Whitey revisits his old confidant Greg Trott through two recent bottles from McLaren Vale’s Wirra Wirra.
Wirra Wirra Original Blend McLaren Vale Grenache Shiraz 2012
$24; 14.5% alcohol; screw cap; 92+ points
In 1972, Greg Trott made a wine like this and called it Wirra Wirra Church Block. It took off. Bordeaux evangelista Brian Croser gets the blame for convincing Trott to change the Church Block blend to Cabernet, Shiraz and Merlot. This is better. It’s cool to see winemakers Paul Smith and Paul Carpenter making it the old way. The wine reminds me of dear Trott, who I sit with now and then where he lies in the Strout Road cemetery. We talk. He’d love this wine, even though there’s no chook feathers stuck to the bottle.
It’s sweet-smelling, and soulful, and warm. It’s all syrupy cherries and ripe raspberries, with a neat rise of spice-box/coffee-grinder oak adding some edge on one side, and some old-fashioned lollyshop confectionary on the other. That pleases the remnants of the schoolboy that still hides in me, just as Trott never really grew too far past his. It is altogether a pretty and comforting smell.
The palate’s smooth and polished, with that lovely silky Grenache sheen chroming up the slightly more tannic and blackberry Shiraz – the heart and gentle soul of McLaren Vale at its simple honest best. It is a wholesome thing: just right for sittin’ and drinkin’ – reminding me that I’d better take a bottle of this vintage down there to the quiet little boneyard in the trees and tell my old friend all about it.
I’ll bet I’ll find Joe Petrucci there, telling him about his stuff, and how much we miss him. Trott’s an even more reliable confidant now that he can’t hide from us. He was always a sweetheart as a confidant, but sometimes he’d hide, so he could think, and love women. He doesn’t hide anymore. I can feel him in this glass. You know.
Wirra Wirra The Absconder McLaren Vale Grenache 2012
$70; 14.5% alcohol; screw cap; 94 points
Posh stuff, this. Top French oak barrels must come as a surprise to the 1920s McLaren Flat Grenache that goes into it – that fruit used to go into Bob Strangways Wigley’s port, away back in the formative days of Wirra. Bob was a crazy bugger who hated wind. He’d stay in bed when the sea breezes blew, and complain about all the barbs on his fence wires blowing up against the posts.

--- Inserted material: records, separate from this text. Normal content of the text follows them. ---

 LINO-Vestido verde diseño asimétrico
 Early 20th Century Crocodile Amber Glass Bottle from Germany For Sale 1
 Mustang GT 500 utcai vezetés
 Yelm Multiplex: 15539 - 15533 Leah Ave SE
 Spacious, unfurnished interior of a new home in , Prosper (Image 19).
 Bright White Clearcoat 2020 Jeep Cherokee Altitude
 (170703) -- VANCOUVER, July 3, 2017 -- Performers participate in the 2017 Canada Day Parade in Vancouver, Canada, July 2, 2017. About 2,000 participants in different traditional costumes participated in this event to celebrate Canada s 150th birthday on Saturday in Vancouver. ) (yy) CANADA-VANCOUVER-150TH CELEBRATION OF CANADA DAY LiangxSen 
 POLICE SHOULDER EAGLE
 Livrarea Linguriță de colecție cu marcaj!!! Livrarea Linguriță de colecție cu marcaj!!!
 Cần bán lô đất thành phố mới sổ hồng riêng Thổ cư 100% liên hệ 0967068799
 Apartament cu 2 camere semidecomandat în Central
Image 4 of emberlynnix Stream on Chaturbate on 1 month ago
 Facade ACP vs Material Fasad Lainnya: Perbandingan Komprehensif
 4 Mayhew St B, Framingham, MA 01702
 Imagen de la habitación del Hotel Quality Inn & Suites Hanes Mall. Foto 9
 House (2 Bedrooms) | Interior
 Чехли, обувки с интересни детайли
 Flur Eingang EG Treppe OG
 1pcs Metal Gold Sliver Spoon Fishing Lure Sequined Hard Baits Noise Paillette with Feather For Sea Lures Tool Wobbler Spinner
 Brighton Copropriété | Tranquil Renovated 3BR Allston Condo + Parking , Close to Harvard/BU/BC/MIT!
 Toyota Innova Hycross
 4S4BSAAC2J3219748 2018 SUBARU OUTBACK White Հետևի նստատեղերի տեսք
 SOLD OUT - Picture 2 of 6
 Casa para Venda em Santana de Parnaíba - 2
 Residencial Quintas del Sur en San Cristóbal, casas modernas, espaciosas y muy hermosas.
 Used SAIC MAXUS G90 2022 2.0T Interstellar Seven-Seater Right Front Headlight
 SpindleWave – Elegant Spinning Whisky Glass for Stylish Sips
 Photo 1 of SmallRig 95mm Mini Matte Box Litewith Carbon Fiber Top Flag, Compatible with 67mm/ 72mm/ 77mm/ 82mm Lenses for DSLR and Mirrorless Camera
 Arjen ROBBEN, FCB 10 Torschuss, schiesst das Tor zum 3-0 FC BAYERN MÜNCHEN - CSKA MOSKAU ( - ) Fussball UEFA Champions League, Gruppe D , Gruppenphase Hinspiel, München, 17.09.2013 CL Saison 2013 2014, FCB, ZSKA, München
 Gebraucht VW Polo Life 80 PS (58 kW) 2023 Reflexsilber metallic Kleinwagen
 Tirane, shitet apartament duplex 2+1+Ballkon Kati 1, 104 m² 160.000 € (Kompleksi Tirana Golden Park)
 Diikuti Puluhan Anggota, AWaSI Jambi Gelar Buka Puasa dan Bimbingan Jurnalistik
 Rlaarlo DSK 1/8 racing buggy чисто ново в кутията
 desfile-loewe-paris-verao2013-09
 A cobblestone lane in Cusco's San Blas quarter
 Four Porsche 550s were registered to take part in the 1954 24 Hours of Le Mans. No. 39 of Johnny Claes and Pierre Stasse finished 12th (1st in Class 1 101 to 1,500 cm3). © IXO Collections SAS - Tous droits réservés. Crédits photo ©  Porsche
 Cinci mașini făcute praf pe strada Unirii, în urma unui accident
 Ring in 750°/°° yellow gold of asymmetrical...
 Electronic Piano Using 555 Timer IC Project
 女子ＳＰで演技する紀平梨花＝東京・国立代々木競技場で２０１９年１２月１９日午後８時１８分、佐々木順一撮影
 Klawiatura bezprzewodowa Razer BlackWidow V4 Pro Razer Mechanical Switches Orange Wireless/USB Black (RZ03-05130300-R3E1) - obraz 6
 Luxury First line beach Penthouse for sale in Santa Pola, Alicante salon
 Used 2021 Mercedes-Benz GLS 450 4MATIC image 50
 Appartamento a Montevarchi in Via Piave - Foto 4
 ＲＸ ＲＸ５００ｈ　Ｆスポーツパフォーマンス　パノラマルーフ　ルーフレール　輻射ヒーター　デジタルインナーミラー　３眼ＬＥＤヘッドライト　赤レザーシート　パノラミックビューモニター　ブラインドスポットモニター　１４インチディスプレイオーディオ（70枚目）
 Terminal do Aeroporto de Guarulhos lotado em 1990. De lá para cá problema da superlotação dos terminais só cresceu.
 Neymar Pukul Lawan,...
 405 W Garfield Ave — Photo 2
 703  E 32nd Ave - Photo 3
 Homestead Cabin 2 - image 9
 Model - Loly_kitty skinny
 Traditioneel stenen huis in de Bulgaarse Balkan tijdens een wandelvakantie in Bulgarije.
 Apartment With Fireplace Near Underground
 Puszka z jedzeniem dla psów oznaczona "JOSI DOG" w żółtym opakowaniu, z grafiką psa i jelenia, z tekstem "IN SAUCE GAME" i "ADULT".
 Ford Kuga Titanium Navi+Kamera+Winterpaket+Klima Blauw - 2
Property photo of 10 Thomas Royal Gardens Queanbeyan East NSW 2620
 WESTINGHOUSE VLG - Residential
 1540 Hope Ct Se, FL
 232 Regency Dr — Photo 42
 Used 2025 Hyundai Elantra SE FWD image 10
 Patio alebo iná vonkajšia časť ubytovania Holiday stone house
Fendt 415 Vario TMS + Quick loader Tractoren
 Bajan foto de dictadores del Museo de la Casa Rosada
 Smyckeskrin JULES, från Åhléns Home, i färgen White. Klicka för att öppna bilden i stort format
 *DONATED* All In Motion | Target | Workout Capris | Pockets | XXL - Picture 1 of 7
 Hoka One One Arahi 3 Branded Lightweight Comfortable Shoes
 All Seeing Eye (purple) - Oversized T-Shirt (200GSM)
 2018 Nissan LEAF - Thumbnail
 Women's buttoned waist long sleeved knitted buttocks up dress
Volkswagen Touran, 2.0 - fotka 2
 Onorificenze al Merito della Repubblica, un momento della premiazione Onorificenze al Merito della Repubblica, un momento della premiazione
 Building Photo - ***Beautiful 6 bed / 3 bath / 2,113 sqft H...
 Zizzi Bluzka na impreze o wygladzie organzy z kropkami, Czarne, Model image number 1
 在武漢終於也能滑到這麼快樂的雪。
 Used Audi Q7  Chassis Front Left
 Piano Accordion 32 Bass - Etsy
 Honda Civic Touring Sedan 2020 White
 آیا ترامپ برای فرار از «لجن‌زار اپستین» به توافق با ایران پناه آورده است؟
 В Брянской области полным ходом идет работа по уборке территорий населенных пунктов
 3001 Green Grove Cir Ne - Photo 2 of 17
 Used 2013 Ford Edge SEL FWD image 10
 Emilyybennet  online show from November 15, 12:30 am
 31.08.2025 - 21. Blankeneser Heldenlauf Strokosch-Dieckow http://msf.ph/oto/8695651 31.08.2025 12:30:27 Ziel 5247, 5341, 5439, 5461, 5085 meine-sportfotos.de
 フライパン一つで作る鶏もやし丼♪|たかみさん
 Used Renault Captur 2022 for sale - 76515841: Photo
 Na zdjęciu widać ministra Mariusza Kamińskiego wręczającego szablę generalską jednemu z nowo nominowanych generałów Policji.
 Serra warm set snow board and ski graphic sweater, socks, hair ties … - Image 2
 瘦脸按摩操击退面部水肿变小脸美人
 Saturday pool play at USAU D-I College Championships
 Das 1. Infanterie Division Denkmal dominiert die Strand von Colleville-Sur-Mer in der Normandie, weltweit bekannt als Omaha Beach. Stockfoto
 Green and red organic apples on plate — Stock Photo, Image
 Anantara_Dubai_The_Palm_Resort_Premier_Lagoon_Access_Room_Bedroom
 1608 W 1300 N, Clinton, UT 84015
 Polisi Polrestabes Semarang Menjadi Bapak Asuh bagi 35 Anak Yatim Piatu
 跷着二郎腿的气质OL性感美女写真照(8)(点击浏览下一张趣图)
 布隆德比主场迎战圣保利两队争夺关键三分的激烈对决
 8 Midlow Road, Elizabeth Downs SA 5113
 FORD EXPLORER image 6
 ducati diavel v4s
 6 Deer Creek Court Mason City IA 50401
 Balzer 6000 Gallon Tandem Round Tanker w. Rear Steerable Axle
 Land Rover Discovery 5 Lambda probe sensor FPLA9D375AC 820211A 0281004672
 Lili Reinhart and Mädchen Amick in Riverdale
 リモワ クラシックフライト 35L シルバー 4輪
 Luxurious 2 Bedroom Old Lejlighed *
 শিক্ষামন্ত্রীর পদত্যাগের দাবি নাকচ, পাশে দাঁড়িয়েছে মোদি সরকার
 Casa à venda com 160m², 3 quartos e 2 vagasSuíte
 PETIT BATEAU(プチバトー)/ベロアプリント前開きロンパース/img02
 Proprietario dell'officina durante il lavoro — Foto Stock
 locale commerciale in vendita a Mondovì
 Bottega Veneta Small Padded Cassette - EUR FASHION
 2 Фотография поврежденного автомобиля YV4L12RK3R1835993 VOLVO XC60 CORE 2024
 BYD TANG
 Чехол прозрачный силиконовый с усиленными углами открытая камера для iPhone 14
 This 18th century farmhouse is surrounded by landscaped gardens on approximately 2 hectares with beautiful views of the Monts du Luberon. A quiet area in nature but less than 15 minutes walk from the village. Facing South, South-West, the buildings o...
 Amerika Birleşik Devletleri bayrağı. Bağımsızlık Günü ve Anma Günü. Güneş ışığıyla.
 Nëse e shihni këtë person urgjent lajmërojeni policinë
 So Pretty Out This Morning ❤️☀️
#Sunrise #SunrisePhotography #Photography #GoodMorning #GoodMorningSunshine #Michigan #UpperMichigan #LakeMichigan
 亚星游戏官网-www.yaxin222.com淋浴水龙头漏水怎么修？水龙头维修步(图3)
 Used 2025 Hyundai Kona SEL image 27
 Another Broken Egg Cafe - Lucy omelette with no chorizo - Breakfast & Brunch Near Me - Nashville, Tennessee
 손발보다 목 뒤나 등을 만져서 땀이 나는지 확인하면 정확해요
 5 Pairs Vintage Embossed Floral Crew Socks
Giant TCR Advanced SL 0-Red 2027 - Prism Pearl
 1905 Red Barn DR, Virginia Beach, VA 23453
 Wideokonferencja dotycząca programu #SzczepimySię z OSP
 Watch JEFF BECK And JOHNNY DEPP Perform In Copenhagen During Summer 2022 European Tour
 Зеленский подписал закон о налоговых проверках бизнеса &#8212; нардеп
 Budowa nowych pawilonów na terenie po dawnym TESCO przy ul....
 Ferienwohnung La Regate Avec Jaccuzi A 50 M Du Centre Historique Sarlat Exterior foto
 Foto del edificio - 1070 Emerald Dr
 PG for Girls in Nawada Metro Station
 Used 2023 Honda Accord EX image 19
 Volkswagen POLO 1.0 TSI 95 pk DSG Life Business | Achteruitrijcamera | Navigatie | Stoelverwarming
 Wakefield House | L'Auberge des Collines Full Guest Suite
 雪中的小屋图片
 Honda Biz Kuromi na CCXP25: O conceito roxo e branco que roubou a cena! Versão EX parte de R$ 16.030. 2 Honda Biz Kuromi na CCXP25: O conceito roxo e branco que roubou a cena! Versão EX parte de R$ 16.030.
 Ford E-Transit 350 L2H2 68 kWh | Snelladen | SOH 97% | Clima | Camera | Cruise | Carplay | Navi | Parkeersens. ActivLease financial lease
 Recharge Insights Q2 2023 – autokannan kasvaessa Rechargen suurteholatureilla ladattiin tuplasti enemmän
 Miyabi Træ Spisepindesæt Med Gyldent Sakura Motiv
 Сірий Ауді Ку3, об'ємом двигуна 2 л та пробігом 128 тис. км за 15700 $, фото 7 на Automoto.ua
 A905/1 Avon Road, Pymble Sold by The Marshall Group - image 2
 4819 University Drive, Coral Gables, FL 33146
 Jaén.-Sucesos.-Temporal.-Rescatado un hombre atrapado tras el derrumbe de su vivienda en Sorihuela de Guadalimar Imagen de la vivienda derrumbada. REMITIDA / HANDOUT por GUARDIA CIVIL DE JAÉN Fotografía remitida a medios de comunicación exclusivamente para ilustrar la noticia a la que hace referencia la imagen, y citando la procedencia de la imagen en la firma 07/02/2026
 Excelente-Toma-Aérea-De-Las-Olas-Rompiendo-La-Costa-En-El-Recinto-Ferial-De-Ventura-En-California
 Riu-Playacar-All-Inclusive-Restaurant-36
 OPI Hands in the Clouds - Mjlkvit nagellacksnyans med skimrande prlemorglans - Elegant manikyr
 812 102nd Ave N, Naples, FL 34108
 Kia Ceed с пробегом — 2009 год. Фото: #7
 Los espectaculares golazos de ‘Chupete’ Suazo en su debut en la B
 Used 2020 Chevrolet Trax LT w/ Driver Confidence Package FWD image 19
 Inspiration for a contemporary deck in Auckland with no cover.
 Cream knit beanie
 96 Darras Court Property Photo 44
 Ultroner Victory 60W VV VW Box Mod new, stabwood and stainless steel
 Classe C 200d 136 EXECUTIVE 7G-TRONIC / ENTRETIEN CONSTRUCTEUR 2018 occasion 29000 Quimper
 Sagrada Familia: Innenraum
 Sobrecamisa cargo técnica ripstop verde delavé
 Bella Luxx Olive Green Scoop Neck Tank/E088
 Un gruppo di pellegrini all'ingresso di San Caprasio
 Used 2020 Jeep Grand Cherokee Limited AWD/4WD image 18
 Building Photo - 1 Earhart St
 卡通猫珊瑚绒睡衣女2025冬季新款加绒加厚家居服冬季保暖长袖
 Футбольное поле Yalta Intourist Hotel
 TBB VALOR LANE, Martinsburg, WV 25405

Bob was the first absconder; his reasons for hiding were different to Trott’s. This wine doesn’t hide, I tell you. It’s sweet and heady and sophisticated, and somehow bridges the decades between the old days of huge oak tanks and the posh little Frenchies that give this love its smarm. That touch of French forest teases the Grenache out to a long dry taper which draws the blood so close to surface of the thin skin behind your lips that you can taste it. It draws the life juice from your very body. So while the Original Blend gives, this one takes, and leaves one a little dissatisfied, twitching for tucker. Like juicy mandarin duck. Which is not to say it’ll always do that: with a few years, it’ll swoon you off to sleep, duck or no duck. But I’d rather drink it like this, and twitch, and marvel.
Opulent at one end; teasing at the other. Pecorino grana pardana pepato is the go. So it’ll be a big lump of that in the hunting bag, a bottle of each of these wines, and off down to meet Petrooch and Trottie at Strout Road. Then everything’ll be alright. Ooooh yeah.